NOT FOR RELEASE, PUBLICATION OR DISTRIBUTION, IN WHOLE OR IN PART, DIRECTLY OR INDIRECTLY, IN, INTO OR FROM ANY JURISDICTION WHERE TO DO SO WOULD CONSTITUTE A VIOLATION OF THE RELEVANT LAWS OR REGULATIONS OF SUCH JURISDICTION

FOR IMMEDIATE RELEASE

1 December 2014

Max Petroleum Plc

("Max Petroleum" or the "Company")

Result of General Meeting to approve £37.1 million Subscription by AGR Energy

Max Petroleum announces that all resolutions proposed at its General Meeting held earlier today relating to the proposed £37.1 million Subscription by AGR Energy were duly passed.

The Subscription remains conditional upon, inter alia, the following Conditions being satisfied on or before 31 March 2015, or as extended by the mutual agreement of the parties to the Subscription Agreement:

(i)         the Subscription Shares being admitted to trading on AIM;

(ii)        the Sberbank Approvals being obtained;

(iii)       the Kazakh Regulatory Approvals being obtained; and

(iv)       the appointment to the Board of two Directors nominated by AGR Energy.

The Condition set out in (i) above is not capable of being waived. Conditions (ii) and (iii) are capable of being waived by mutual consent of the Company and AGR Energy. Condition (iv) is capable of being waived by AGR Energy in its absolute discretion and on such terms as it considers appropriate.

James A Jeffs, Executive Chairman of Max Petroleum, commented, " I am very pleased with the overwhelming support of our shareholders for the strategic partnership with AGR Energy and the Assaubayev family. Despite a difficult oil price environment, the resilience and quality of our operating business places us in a good position to grow and take advantage of opportunities in Kazakhstan ."

ENQUIRIES:

Max Petroleum Plc

+44 (0) 20 3713 4015

Tom Randell




Oriel Securities Limited


Michael Shaw

+44 (0) 20 7710 7600

Tom Yeadon




Save where the context requires otherwise, capitalised terms used in this announcement shall have the same meaning as ascribed to them in the Company's circular dated 12 November 2014.

Additional Information

This announcement is not intended to, and does not, constitute or form part of any offer, invitation or the solicitation of an offer to purchase, otherwise acquire, subscribe for, sell or otherwise dispose of, any securities whether pursuant to this announcement or otherwise.

The distribution of this announcement in jurisdictions outside the United Kingdom may be restricted by law and therefore persons into whose possession this announcement comes should inform themselves about, and observe, such restrictions. Any failure to comply with the restrictions may constitute a violation of the securities law of any such jurisdiction.

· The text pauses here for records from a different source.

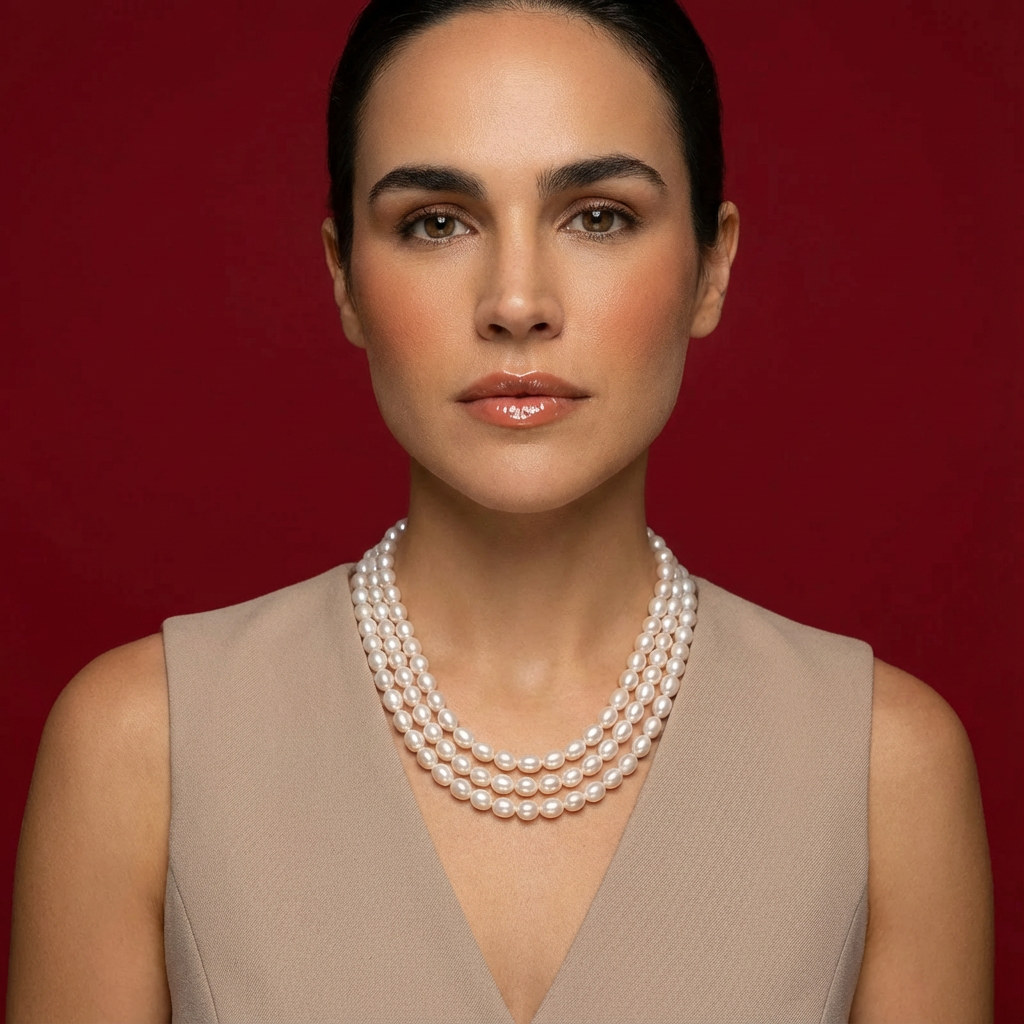 Freshwater pearl three-layer necklace ivory – elegant pearl necklace by Ozel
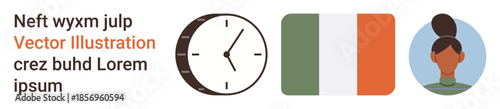 Time management, national pride, diversity awareness, cultural symbols, , communication designs. A clock, Irish flag and woman s portrait with text. Time management and national pride concepts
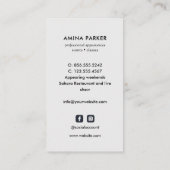 エジプトのベリーダンサーウォーターカラーシルバー 名刺 (裏面)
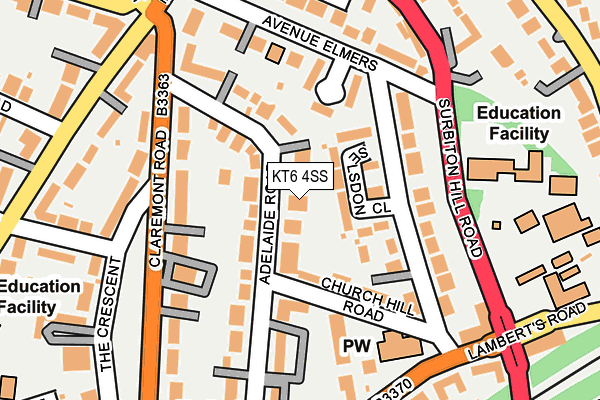 KT6 4SS map - OS OpenMap – Local (Ordnance Survey)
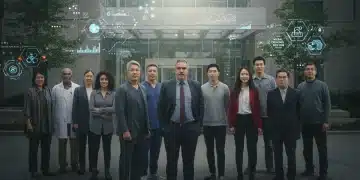 Diverse individuals standing before a modern healthcare facility, symbolizing healthcare access and reform.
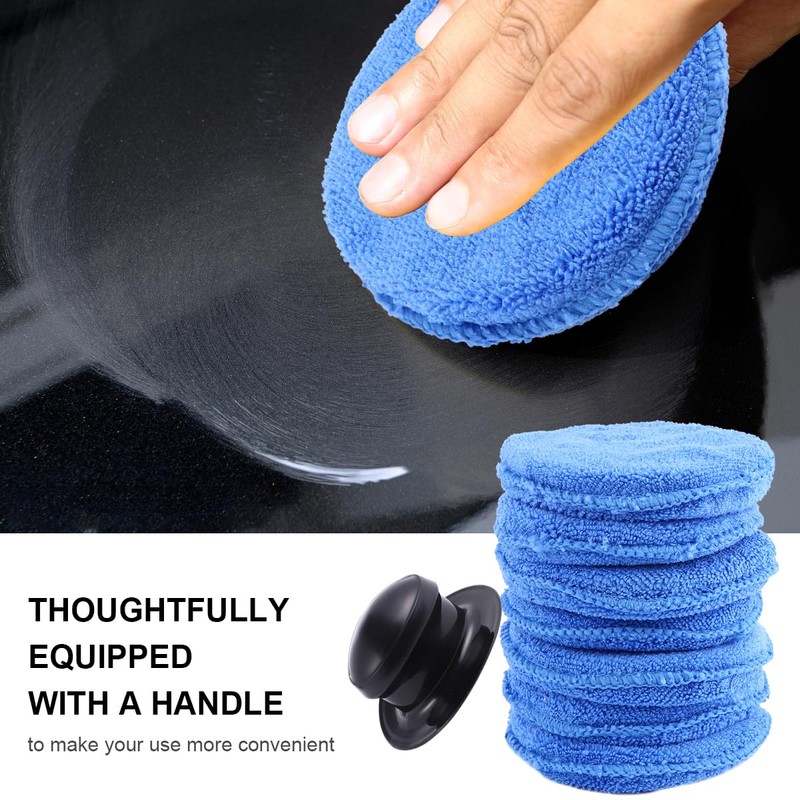 Garneck 7pcs Car Wax Applicator Pads Kit with 1pcs Handle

Oriel Securities Limited, which is authorised and regulated by the Financial Conduct Authority in the United Kingdom, is acting exclusively for Max Petroleum and no one else in connection with the matters referred to in this announcement, and will not be responsible to anyone other than Max Petroleum for providing the protections afforded to clients of Oriel Securities Limited nor for providing advice in connection with the matters referred to in this announcement.

Disclosure requirements of the Takeover Code (the "Code")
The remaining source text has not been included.